> _AIM OF THE EXERCISE_
Restate the listing word for word; omit the images.
STORED DATA below:
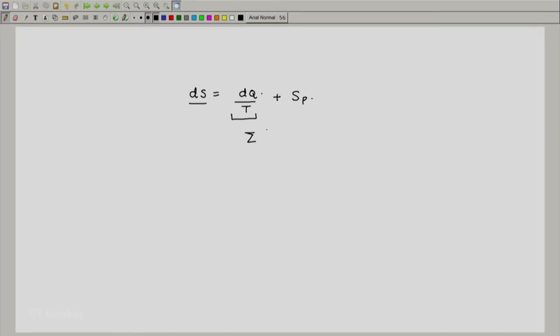So I will write a summation of Q_dot · δt divided by T. These are all different Q_dots and T's depending on the location. One can write this as a summation over each location, where both Q_dot and T would carry location subscripts. I won't use subscript i here because we are using i for inlet, so let me just write summation Q_dot · δt / T.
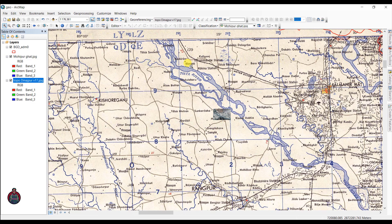That's it — that's how we can georeference a map and give it correct coordinates. Thank you for watching this video. If you are having any trouble, please comment below and let me know if this is working or not. Please subscribe to my channel and see you in the next video. Thank you.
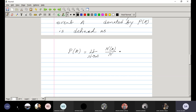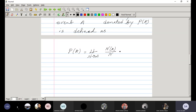This frequency definition of probability also has drawbacks. To use this definition, we need to repeat the experiment a large number of times, which is practically impossible — there is some cost involved with each experiment, and also for all the repetitions we may not get identical conditions. To overcome this difficulty, we will now see the axiomatic definition of probability, which is the modern definition.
End of STORED DATA.
> _EXERCISE RESULT_
So I will write a summation of Q_dot · δt divided by T. These are all different Q_dots and T's depending on the location. One can write this as a summation over each location, where both Q_dot and T would carry location subscripts. I won't use subscript i here because we are using i for inlet, so let me just write summation Q_dot · δt / T.
That's it — that's how we can georeference a map and give it correct coordinates. Thank you for watching this video. If you are having any trouble, please comment below and let me know if this is working or not. Please subscribe to my channel and see you in the next video. Thank you.
This frequency definition of probability also has drawbacks. To use this definition, we need to repeat the experiment a large number of times, which is practically impossible — there is some cost involved with each experiment, and also for all the repetitions we may not get identical conditions. To overcome this difficulty, we will now see the axiomatic definition of probability, which is the modern definition.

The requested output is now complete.